Not Hong Kong & Macau anymore !
In the past, the Chinese well established would have to go back to their usual basement in Hong Kong and Macau. It is not the case anymore, and they are now heading elsewhere and look for other places to shop, according to Philippe Leopold-Metzger on the CNBC news.
“Today’s Tsim Sha Tsui has become Tokyo, Seoul and Taipei,” he said. He was definitely alluding to the most famous shopping district located in Hong Kong.
Hong Kong and Macau are known to be the traditional playground of the wealthiest Chinese. But they are now suffering from Beijing’s anti-corruption crackdown on expensive gift-giving. Rising anti-mainland public sentiment and the pro-democratic protests in September last year also faded the traffic of Hong Kong for Chinese tourists.
Significant shift from the Chinese luxury market
“The Chinese luxury market overall continues to grow, but it has shifted away from purchases in Mainland China and Hong Kong to foreign markets like Europe, Japan and Korea,” explained Brian Buchwald, CEO of the consumer intelligence department of the firm Bomoda.
80% of Luxury purchases are realized oversea
Buchwald also adds that 75 to 85 percent of the Chinese consumers purchase their favorite luxury goods outside of China. Some reasons can explain this phenomenon. First of all, the tax of importation for luxury goods in Mainland China is really high, making these goods unaffordable for the Chinese in the local outlets. Secondly, the abundance of forgeries and counterfeits makes it difficult for the Chinese to find some genuine products. The smugglers are making the most of this trend to sell their counterfeits to the Chinese, looking for authentic products.

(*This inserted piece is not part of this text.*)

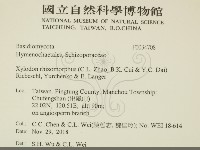 登錄號:F0034708藏品圖，第2張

Richemond Group, the Swiss luxury goods group that owns the Piaget brand, has reported a 4 percent increase in sales at constant exchange rates for the five months until to August. The boost of the sales came mainly from the European countries, and was driven by the Chinese tourists while they were traveling abroad, reported Reuters.
They want real luxury goods
And according to a report published by Bomoda, Chinese consumers preferred to buy their luxury goods overseas because they were more confident of the branded good’s authenticity. The conviction that luxury goods sold abroad were superior to locally sold merchandise, as well as prices that were up to 40 percent lower due to the lack of Chinese import taxes, also helped to encourage the purchases, Bomoda found.
New patterns of spending
“The challenge today is to track where the Chinese consumers travel,” stated Leopold-Metzger, thinking about the way retailers must respond to the change of the patterns of spending.

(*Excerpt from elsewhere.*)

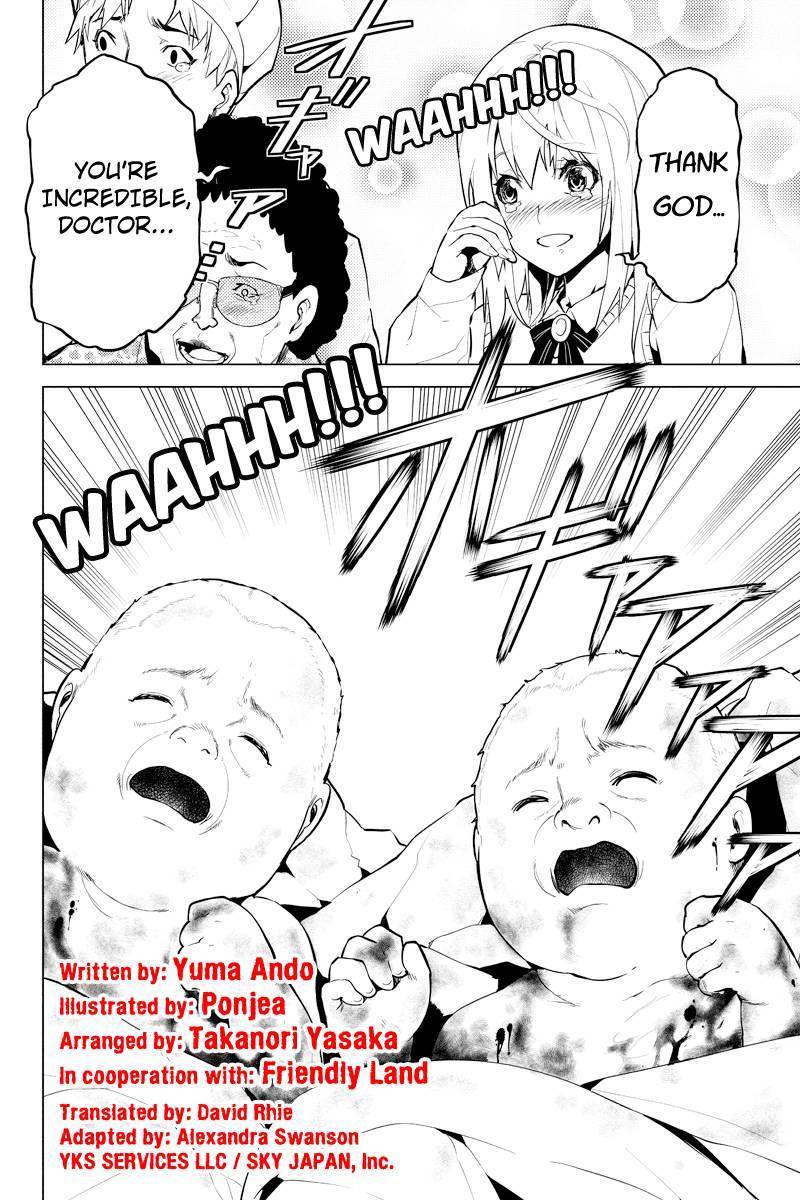 Shinjuku DxD Chapter 25 page 2 - Chapter 25: Deliverance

Despite the decline in luxury goods sales, the Piaget CEO stated that sales in Mainland China remained one of the brand’s priorities.
“There is a lot of wealth created every day in Asia, China and everywhere across the region,” Leopold-Metzger noted. He also adds that Piaget was opening new stores in China where there was demand, and using adapted strategies of pricing to attract domestic consumers.
Luxury Industry has to adapt
“We have to create excitement,” he said. The businesses in the industry definitely have to adapt to these last trends in the Chinese market if they want to keep up with the consumers need and stay competitive enough on the market.